PromQL Operators — Part 2 (Aggregation)

In our previous post, we learned how Prometheus matches two instant vectors when an operator sits between them. We built a CPU activity percentage query step by step and previewed sum without() to complete it.

In this post, we will learn aggregation operators in full. Aggregation collapses many series into fewer series by computing a single value across a group. We will use sum(), avg(), min(), max(), and count() — and we will control exactly how they group with the by and without clauses.

Our setup is a Prometheus server scraping a Linux host via Node Exporter. The target has these labels:

instance="172.31.33.131:9100"
job="node_exporter"

All examples will run in the Prometheus UI at http://<our-server>:9090.

Why We Need Aggregation

Node Exporter reports node_cpu_seconds_total with one series per CPU core per mode. On a four-core host, a query for the user mode returns four series — one per core. On a sixteen-core host, sixteen series.

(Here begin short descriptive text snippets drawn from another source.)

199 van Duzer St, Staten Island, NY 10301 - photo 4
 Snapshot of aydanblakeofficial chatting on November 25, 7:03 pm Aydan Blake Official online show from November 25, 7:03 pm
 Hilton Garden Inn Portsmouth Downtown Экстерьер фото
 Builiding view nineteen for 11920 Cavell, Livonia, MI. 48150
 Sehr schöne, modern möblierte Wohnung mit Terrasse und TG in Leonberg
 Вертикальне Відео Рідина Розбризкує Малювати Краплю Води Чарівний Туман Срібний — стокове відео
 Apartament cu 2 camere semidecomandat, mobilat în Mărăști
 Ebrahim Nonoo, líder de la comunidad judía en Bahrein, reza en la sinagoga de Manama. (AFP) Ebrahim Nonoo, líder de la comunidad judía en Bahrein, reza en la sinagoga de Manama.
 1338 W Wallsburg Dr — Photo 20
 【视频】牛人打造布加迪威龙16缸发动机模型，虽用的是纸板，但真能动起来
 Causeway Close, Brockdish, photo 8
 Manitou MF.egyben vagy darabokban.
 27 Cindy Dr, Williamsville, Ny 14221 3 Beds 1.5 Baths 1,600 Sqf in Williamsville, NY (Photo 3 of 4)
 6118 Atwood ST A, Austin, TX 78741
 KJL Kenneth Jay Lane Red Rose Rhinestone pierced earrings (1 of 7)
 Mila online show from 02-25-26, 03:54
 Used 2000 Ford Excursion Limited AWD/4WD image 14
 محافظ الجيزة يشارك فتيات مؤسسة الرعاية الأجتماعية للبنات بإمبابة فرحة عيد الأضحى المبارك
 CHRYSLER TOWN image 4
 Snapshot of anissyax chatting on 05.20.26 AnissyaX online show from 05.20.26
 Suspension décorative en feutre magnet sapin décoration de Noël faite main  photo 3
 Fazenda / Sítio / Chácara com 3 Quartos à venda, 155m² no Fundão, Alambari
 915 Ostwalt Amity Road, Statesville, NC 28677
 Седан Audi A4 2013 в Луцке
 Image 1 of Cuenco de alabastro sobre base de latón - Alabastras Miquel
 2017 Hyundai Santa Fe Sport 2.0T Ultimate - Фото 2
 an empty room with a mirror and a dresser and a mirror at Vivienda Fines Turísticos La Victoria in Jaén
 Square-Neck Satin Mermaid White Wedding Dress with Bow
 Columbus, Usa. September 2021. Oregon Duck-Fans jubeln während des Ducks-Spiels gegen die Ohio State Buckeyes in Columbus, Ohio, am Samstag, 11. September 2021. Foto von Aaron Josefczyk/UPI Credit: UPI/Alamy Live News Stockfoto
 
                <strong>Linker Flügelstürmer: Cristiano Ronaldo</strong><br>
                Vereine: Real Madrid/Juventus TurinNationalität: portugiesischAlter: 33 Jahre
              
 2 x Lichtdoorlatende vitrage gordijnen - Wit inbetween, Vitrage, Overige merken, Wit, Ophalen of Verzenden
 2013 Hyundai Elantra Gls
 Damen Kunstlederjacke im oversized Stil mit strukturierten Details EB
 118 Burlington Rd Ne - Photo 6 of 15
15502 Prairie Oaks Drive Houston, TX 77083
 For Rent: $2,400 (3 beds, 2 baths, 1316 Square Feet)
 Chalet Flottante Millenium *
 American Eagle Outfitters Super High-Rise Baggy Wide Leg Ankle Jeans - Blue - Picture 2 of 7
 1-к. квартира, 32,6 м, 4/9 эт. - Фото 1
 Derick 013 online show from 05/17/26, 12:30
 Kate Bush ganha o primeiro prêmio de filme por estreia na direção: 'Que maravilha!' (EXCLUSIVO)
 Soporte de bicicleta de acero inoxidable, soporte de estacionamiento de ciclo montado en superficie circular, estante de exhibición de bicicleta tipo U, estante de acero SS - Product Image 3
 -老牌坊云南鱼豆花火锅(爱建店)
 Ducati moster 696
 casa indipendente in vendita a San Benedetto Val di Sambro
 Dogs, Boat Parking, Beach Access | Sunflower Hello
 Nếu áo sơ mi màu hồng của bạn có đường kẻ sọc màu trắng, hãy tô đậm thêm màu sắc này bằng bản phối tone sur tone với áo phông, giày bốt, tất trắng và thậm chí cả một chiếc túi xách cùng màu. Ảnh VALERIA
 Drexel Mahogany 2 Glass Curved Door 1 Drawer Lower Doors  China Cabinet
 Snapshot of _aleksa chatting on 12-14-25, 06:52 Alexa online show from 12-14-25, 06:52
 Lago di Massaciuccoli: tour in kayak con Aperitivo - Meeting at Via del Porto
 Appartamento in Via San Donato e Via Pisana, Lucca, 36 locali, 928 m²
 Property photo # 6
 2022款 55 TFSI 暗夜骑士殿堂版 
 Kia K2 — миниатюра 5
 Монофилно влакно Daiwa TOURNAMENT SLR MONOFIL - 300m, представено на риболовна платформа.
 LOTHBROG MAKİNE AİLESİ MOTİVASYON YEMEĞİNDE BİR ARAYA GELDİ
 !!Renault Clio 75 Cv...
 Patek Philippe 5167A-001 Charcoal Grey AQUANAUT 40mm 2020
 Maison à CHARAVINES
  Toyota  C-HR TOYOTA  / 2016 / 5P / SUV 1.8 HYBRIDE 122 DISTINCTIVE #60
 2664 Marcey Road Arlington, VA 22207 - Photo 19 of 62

Most of the time, we do not want that level of detail. We want one number: total CPU time in user mode across all cores. Aggregation is how we collapse those four or sixteen series into one.
Without aggregation we read individual series. With aggregation we read the group.

The `by` and `without` Clauses

Every aggregation operator accepts either a by clause or a without clause. These control which labels survive the aggregation.

by(l1, l2) keeps only the listed labels in the result. All other labels are dropped. Series that share the same values for the listed labels are collapsed into one.

without(l1, l2) drops the listed labels and keeps everything else. Series that become identical after removing those labels are collapsed into one.

We will use one or the other in every aggregation we write. Omitting both collapses all series into a single result — which is sometimes what we want, but usually not.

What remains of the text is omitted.